Report back each line of the records that contains the string "embedded".
Record excerpts section start
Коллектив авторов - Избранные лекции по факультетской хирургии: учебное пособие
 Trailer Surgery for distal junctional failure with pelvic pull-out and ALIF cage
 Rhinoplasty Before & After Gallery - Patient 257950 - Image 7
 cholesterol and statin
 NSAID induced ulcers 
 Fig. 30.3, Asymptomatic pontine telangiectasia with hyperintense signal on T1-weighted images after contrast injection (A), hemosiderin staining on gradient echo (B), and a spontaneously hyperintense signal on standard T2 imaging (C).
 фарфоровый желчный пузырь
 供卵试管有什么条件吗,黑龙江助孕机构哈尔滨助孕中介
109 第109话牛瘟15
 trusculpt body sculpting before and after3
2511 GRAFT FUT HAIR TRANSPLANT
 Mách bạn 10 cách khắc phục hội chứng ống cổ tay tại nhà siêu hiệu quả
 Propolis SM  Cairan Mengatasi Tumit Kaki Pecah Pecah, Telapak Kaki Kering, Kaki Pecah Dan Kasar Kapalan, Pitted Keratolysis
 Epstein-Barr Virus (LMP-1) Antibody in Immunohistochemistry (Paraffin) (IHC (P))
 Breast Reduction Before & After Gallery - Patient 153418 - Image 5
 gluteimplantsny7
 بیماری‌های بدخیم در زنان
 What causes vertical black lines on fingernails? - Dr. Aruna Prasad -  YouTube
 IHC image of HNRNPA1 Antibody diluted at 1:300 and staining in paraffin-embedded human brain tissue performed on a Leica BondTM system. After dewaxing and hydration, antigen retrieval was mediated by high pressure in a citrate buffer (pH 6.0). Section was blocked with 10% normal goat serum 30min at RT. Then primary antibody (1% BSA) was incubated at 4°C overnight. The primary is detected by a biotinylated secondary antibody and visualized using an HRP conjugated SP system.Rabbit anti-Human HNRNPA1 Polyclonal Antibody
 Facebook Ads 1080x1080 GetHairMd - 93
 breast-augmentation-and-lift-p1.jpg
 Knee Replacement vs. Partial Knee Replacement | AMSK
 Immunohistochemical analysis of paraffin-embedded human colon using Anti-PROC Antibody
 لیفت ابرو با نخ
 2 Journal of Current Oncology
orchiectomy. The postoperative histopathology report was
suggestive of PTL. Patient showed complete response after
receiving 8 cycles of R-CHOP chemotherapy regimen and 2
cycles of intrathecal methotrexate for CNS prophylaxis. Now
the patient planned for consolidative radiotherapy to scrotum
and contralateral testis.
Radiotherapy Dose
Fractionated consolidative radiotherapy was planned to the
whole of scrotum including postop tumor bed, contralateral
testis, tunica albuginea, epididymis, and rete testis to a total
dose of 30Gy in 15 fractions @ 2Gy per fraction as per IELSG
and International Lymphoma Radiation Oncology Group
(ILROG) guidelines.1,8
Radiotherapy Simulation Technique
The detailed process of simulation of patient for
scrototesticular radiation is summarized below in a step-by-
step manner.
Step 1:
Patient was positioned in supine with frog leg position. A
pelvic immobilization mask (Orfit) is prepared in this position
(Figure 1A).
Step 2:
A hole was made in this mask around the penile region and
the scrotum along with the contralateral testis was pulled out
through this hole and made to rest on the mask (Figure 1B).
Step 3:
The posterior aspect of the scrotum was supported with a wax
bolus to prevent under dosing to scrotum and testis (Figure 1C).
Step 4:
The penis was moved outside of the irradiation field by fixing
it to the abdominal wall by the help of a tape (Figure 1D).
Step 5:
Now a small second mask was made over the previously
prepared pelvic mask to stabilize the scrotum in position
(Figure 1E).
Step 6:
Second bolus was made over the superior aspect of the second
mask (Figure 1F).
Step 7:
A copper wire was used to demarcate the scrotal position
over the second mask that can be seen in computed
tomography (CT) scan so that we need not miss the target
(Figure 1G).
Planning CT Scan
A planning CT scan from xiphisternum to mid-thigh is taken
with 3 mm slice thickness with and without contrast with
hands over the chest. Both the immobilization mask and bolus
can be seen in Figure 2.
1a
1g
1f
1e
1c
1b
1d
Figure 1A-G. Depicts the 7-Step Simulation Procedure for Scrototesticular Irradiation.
Record excerpts section end
[Task solution]
 IHC image of HNRNPA1 Antibody diluted at 1:300 and staining in paraffin-embedded human brain tissue performed on a Leica BondTM system. After dewaxing and hydration, antigen retrieval was mediated by high pressure in a citrate buffer (pH 6.0). Section was blocked with 10% normal goat serum 30min at RT. Then primary antibody (1% BSA) was incubated at 4°C overnight. The primary is detected by a biotinylated secondary antibody and visualized using an HRP conjugated SP system.Rabbit anti-Human HNRNPA1 Polyclonal Antibody
 Immunohistochemical analysis of paraffin-embedded human colon using Anti-PROC Antibody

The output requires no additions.